Requirement
Copy word for word the line containing "Used 2024 Toyota Sequoia TRD Pro" together with all lines following it to the end of the listing below, without the pictures.

== Provided data ==

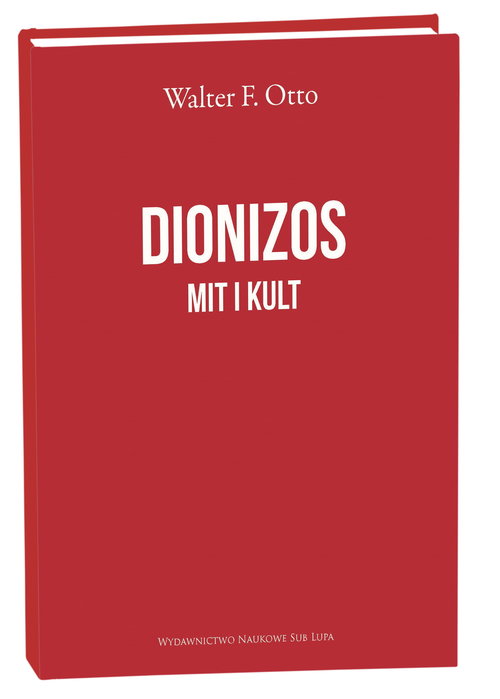 Image of Dionizos Mit i Kult
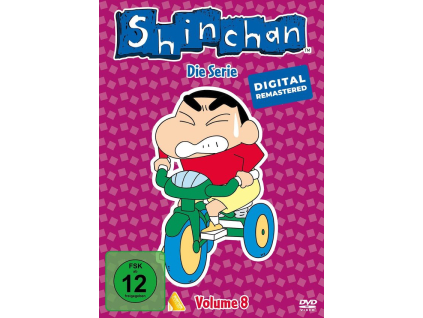 Shin Chan Vol. 8 (DVD)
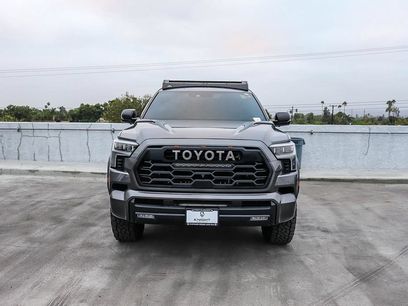 Used 2024 Toyota Sequoia TRD Pro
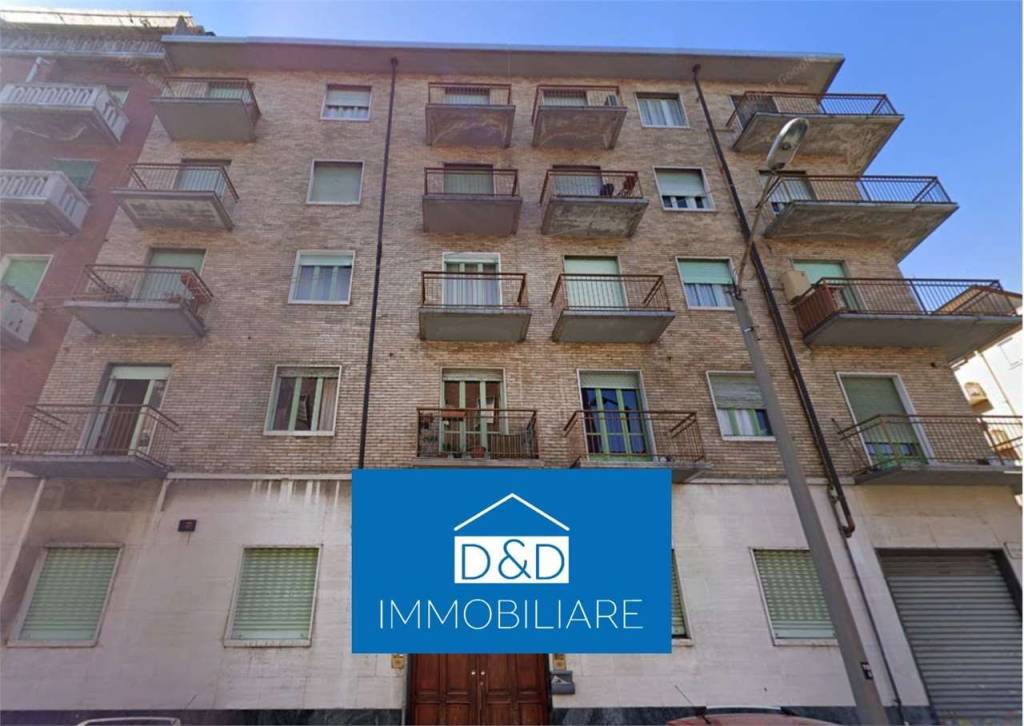 appartamento in vendita a Torino in zona Madonna di Campagna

===

Written response
 Used 2024 Toyota Sequoia TRD Pro
 appartamento in vendita a Torino in zona Madonna di Campagna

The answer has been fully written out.